Bivens v. Six Unknown Named Agents of Fed. Bureau of Narcotics, 403 U.S. 388 (1971).
This action was initially referred to Magistrate Judge Karoline Mehalchick for handling of pretrial proceedings, but has since been administratively reassigned and is now proceeding exclusively before the undersigned District Judge.
I. Background
Njos commenced this action on July 17, 2012. On November 8, 2012, a Report and Recommendation issued by the Magistrate Judge was adopted, wherein Plaintiff's claim for monetary damages against Defendants in their official capacities was dismissed, and the complaint was dismissed with prejudice against Supervisory Defendants Bledsoe, Norwood, and Kane. In addition, Plaintiff's request for a specific sum of damages was stricken, and his request for declaratory relief as to past conduct was dismissed.

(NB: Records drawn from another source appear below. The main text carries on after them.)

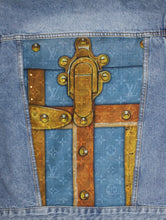 Load image into Gallery viewer, ADULT LV Denim Jacket w/ Detachable Faux-Fur Collar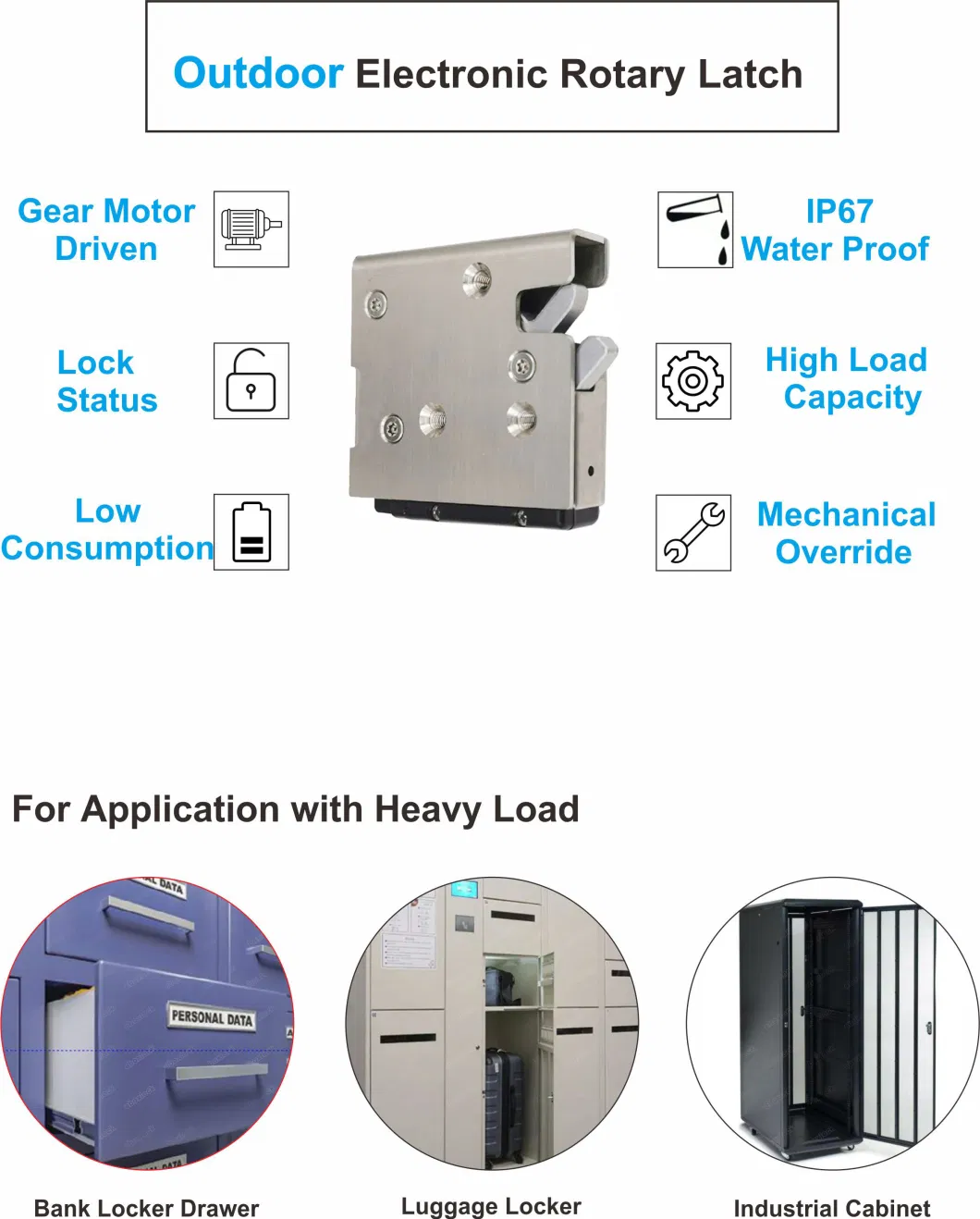 Weatherproof IP67 Electronic Rotary Latch Lock for Outdoor Cabinets and Medical Refrigerator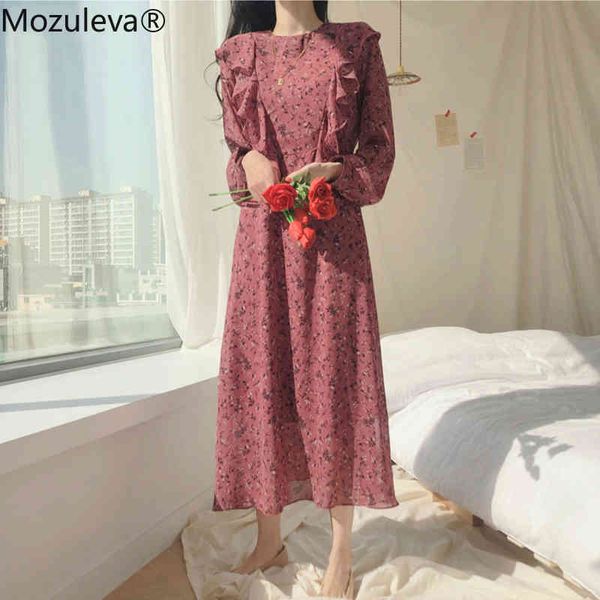 elegant o-neck chiffon women dress full sleeve ruffles loose spring female casual floral print long vestidos 210427, Black;gray
elegant o-neck chiffon women dress full sleeve ruffles loose spring female casual floral print long vestidos 210427, Black;gray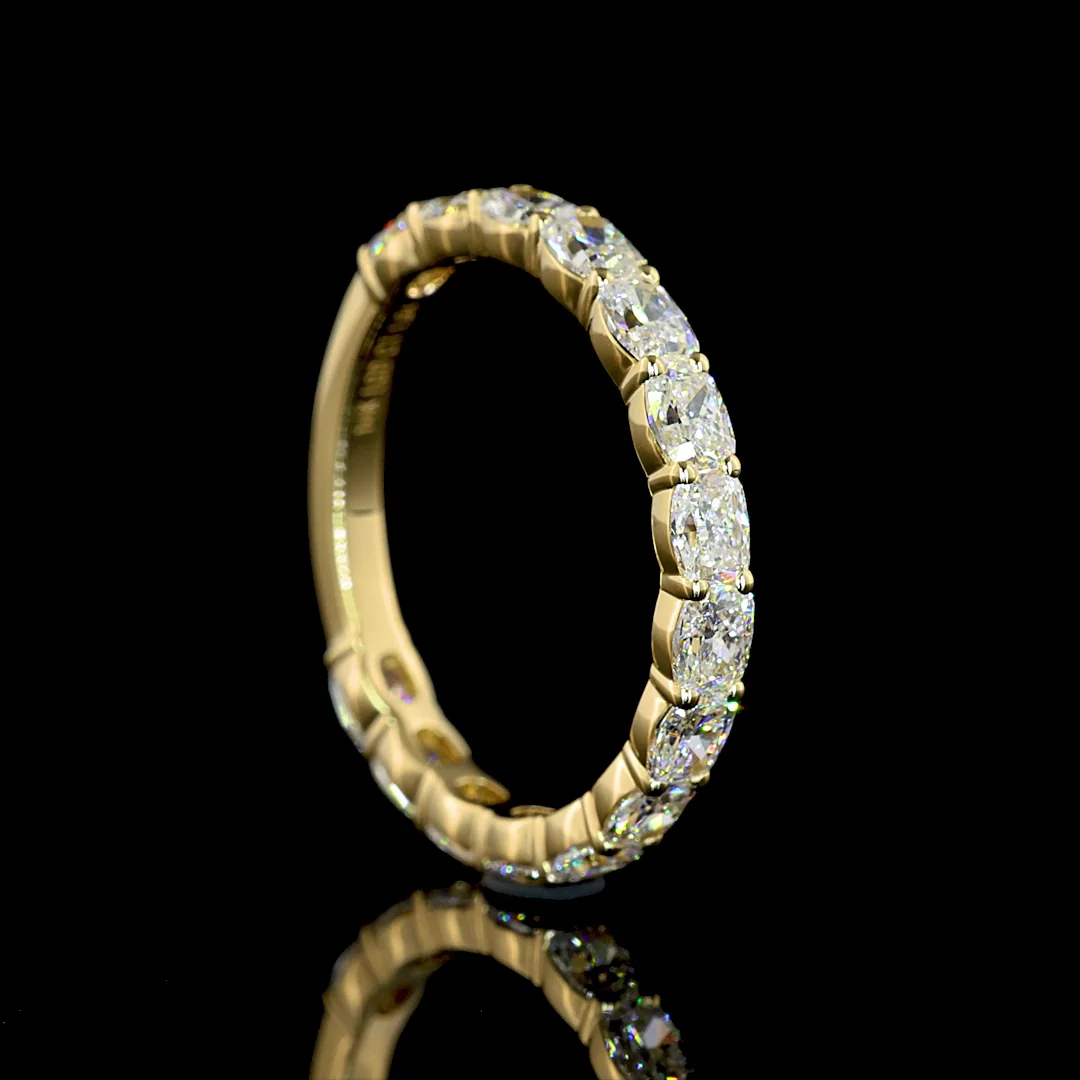 1.65 Cts 14k Yellow Gold Cushion Brilliant Shape 3/4 Band Eternity Band - Image 2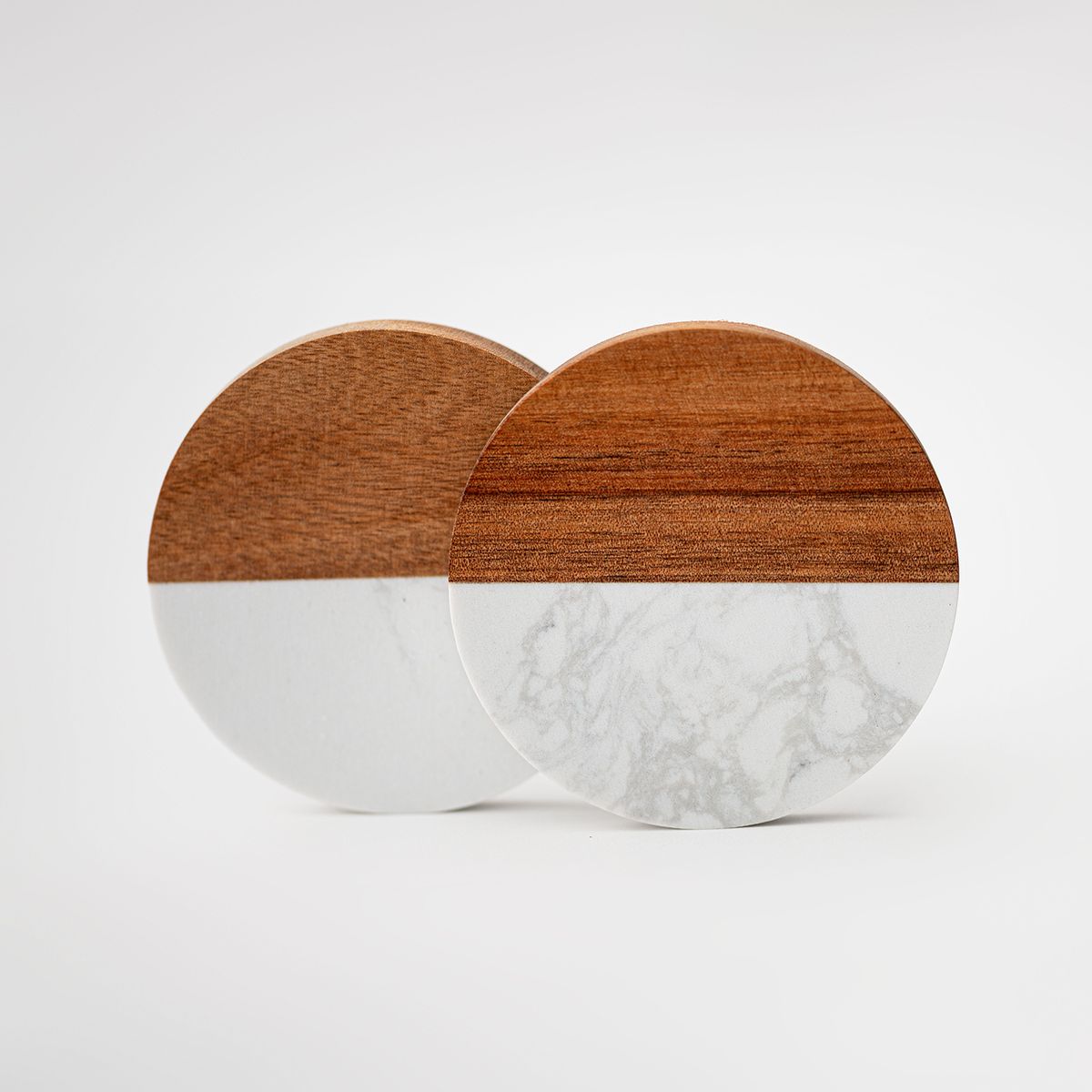 Marble and Acacia Coasters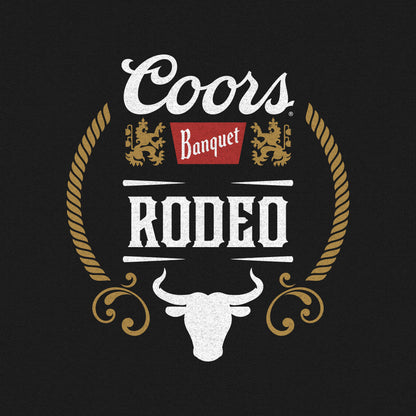 Coors Banquet Beer Rodeo Bull Double Sided Long Sleeve Shirt Black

It was directed that the action proceed only with respect to Chaplains Carney, Onuh and Davis with respect to the exercise of religion claims under the First Amendment and under the RFRA. (Doc. 11.) Service of the complaint was thereafter directed on the remaining three Defendants. (Doc. 12.)
Defendants filed a motion to dismiss and for summary judgment on March 19, 2013. (Doc. 21.) On March 11, 2014, the court adopted a Report issued by the Magistrate Judge on February 19, 2014, recommending that Defendants' motion be addressed as one for summary judgment, and denied without prejudice to the filing of a subsequent motion after a period of discovery. (Doc. 36.) Due to the lack of evidence in the record and the existence of disputed material facts, the court found they were not entitled to summary judgment at this time on either the First Amendment or the RFRA claim. Following the filing of an answer to the complaint, a scheduling order was issued directing the completion of discovery by May 22, 2014, and the filing of dispositive motions by June 12, 2014. (Doc. 40.)
On April 22, 2014, a motion for summary judgment and supporting documents filed by Plaintiff was denied without prejudice as prematurely filed prior to the expiration of the discovery deadline. (Doc. 48.) On May 13, 2014, Plaintiff filed a motion for the appointment of counsel that is presently pending at this time. (Doc. 51.) Also pending are Plaintiff's motion for leave to re-file his motion for summary judgment and supporting pleadings (Doc. 58), and motion seeking default against Defendants for failing to respond to his summary judgment motion. (Doc. 62.)
On July 3, 2014, Defendants filed their second motion to dismiss and for summary judgment and documents in support thereof. (Docs. 68-70.) They also submitted opposition to Plaintiff's motion for default. Plaintiff has filed opposition to Defendants' motion to dismiss and for summary judgment.
On July 18, 2014, Plaintiff filed a motion seeking a temporary restraining order/preliminary injunction. (Doc. 77.) Defendants have filed opposition to this motion. (Doc. 82.) On July 21, 2014, Plaintiff submitted a document entitled "Amendment." (Doc. 79.) The court construed this document to be an attempt by Plaintiff to file an amended complaint in this action. He was advised that pursuant to Fed. R. Civ. P. 15, he would either need to seek leave from the court or consent from the Defendants in order to do so. (Docs. 81, 84.) Thereafter, Plaintiff filed a motion seeking leave to file an "amended add-on" to the complaint. (Docs. 85, 86.) The court will now address these pending motions.
II. Discussion
A. Motion for Counsel
Plaintiff seeks counsel because he is unable to afford an attorney, he is limited by his imprisonment with respect to his ability to litigate this action, he lacks litigation experience, the case involves complex issues, an experienced attorney is needed for trial, and he suffers from mental disabilities that impair his ability to function. (Doc. 51.)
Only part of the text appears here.